[Extracted records]
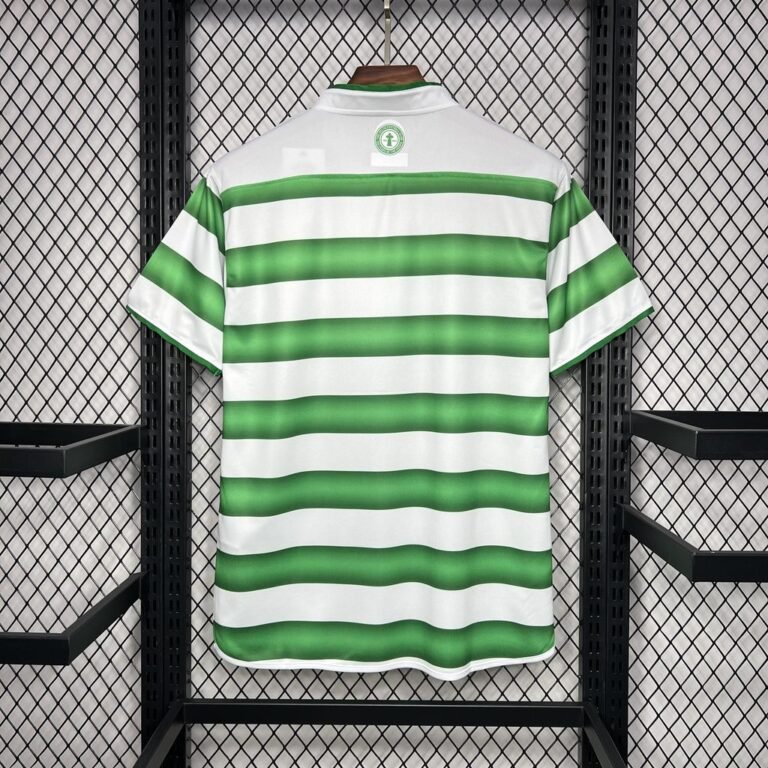 Glasgow Celtic Retro Home Trikot 2003-2004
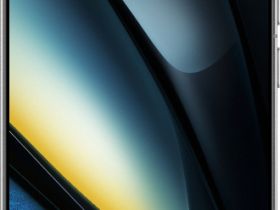 Смартфон POCO F6 Pro 12/256TB Белый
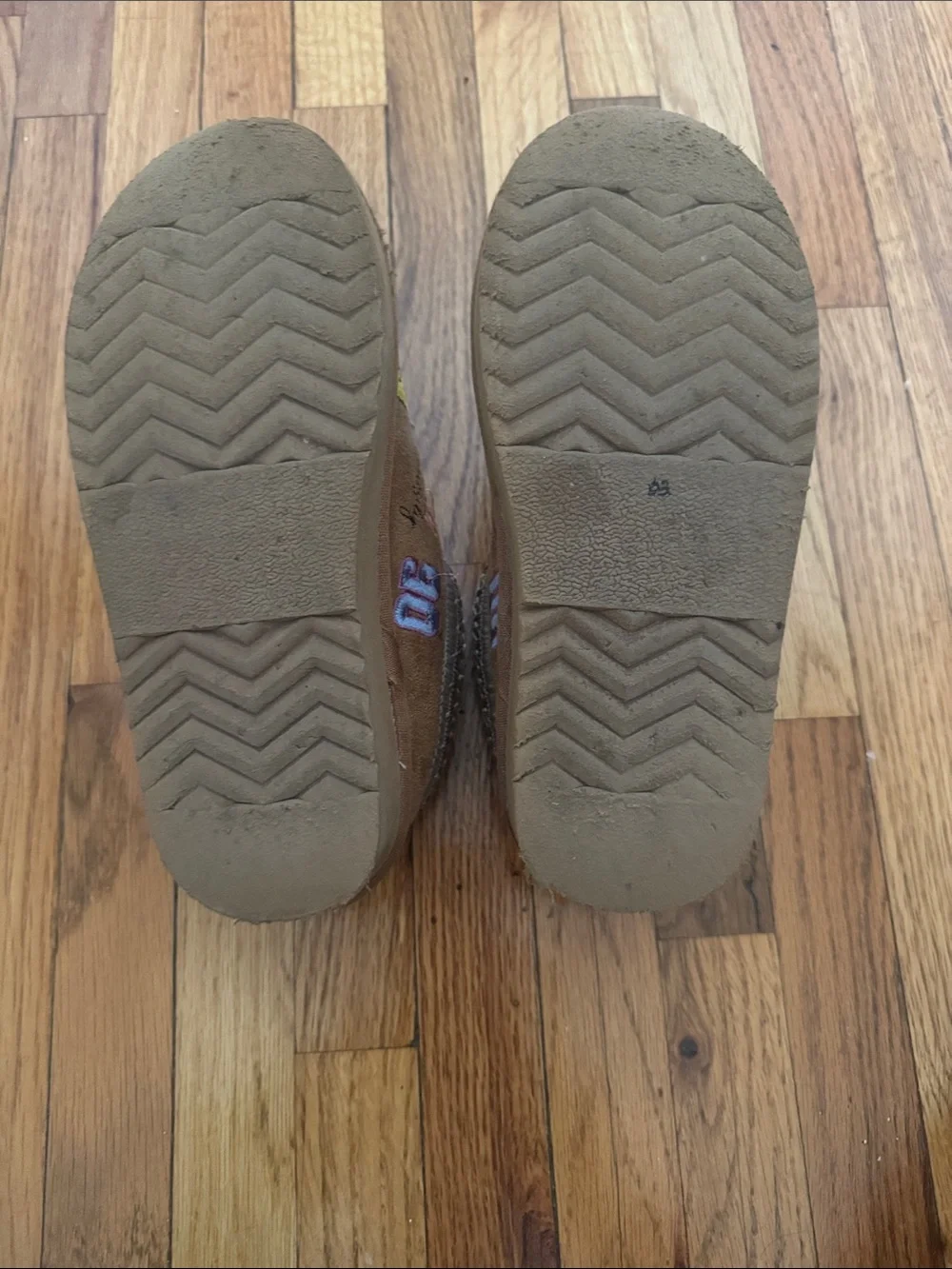 Steve Madden cozy slip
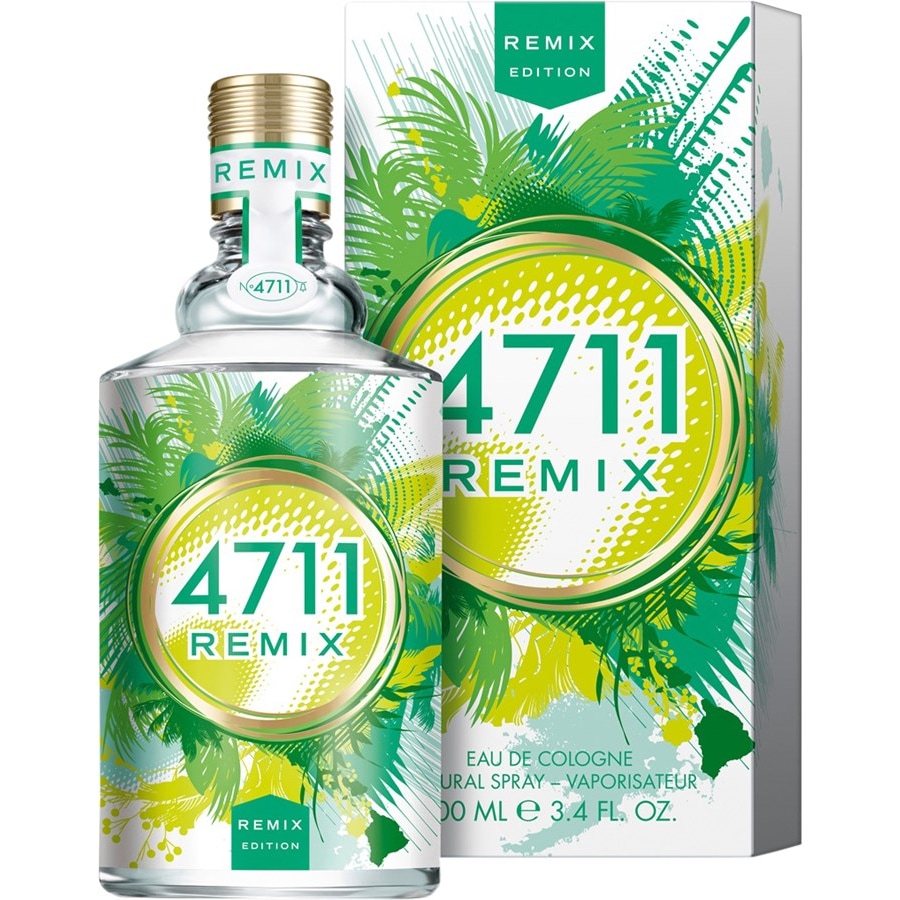 4711 Remix Eau de Cologne Green Oasis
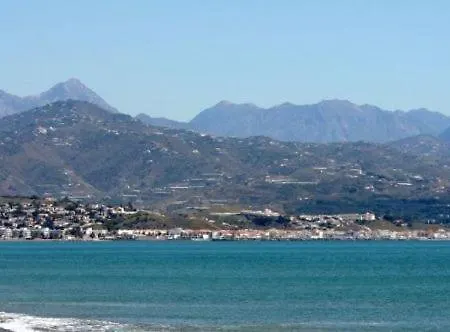 Apto Pueblo Rocio Torre Del Mar Exterior photo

- _WHAT THE EXERCISE ASKS_
Please repeat every record above exactly, leaving the pictures out.

- _SOLUTION TO THIS TASK_
 Glasgow Celtic Retro Home Trikot 2003-2004
 Смартфон POCO F6 Pro 12/256TB Белый
 Steve Madden cozy slip
 4711 Remix Eau de Cologne Green Oasis
 Apto Pueblo Rocio Torre Del Mar Exterior photo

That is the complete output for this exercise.